With the baby boomers’ retirement looming in the near future, many fear about the strain it will place on the United States economy. In a New York Times article “For Good Retirement, Find Work. Good Luck,” Steve Lohr gives an overview of the negative effects of early retirement on the economy and offers some helpful insights regarding what can be done to lessen the financial blow.
And this isn’t just an issue involving individuals. It’s an issue that is important from the standpoint of workforce readiness today — and will be even more so in the years ahead.
Lohr explains that if the age of retirement is postponed three to four years, there will be a significant difference in the lifestyles of the retirees and the economy. For instance, currently the average age of retirement for women and men is 63 and 62 respectively. However, if the baby boomers pushed pack their retirement to 66 rather than 63, it would add approximately, “$13 trillion to the economy by 2025, or about a year’s total output of goods and services today.”
While it is not possible for every senior to stay in the workforce until age 66, it is a viable possibility for many. However, they are often not given the chance to continue working.
Unfortunately many companies do not actively recruit older workers or make an effort to retain them.
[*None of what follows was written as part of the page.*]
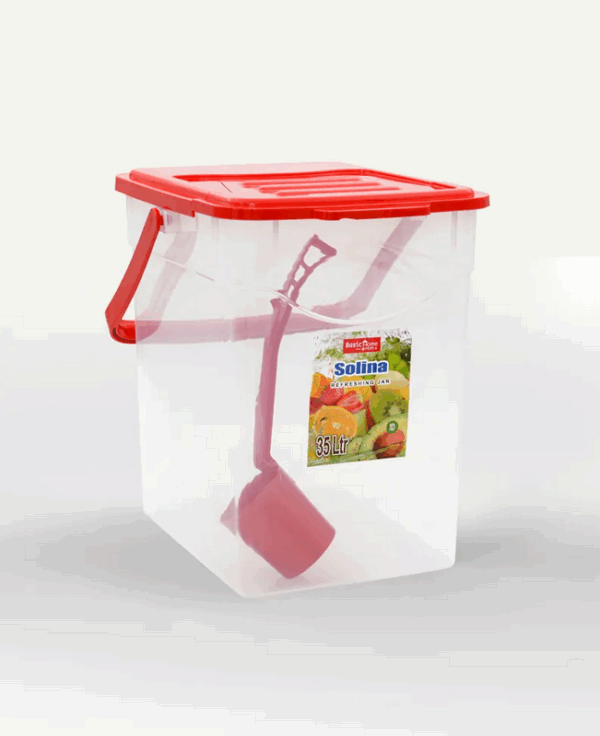 Tempat Es Buah Plastik 35 Liter Basic Home BHD-1 Solina Refreshing Jar 35 Ltr (1) Tempat Es Buah Plastik 35 Liter + Gayung Panjang Basic Home BHD-1 Solina Refreshing Jar 35 Ltr Ukuran 390 x 315 x 410 mm | Raja Plastik Indonesia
According to Joanna Lahey, an economist at Texas A. & M. University, “If there is a failure in the market for older workers, it is the result of ‘“statistical discrimination.”’
Statistics show that companies are hesitant when it comes to hiring and retaining older workers because they believe that older workers are “less energetic, less productive, adaptable and more likely to have outdated skills than younger workers.”
However, a report by Corporate Voices for Working Families found that:
“While mature workers are valued for their knowledge, reliability, and dedication (74 percent), only half of the responding organizations reported that they actively recruit mature workers. Those that do report that they attempt to rehire retired workers (25 percent) and turn to non-traditional recruiting sources, such as community networks (20 percent).”
According to Lohr, other statistics show that times have changed and being 65 today is radically different than being 65, 40 years ago. Therefore, while retiring at 60 was normal for those in the workforce in the past, today the baby-boomer generation is capable of a remaining in the workforce longer.
One suggestion Lohr makes to facilitate the retention of older workers is to no longer take money out of workers salaries for Social Security and Medicare after a certain age and not longer require companies to contribute on behalf of workers past a certain age. With this “paid up” incentive, and other obvious benefits to the economy, it seems as if working longer can lead to living better.
And it’s an issue that has implications for individual retirees, our economy and our nation’s future workforce.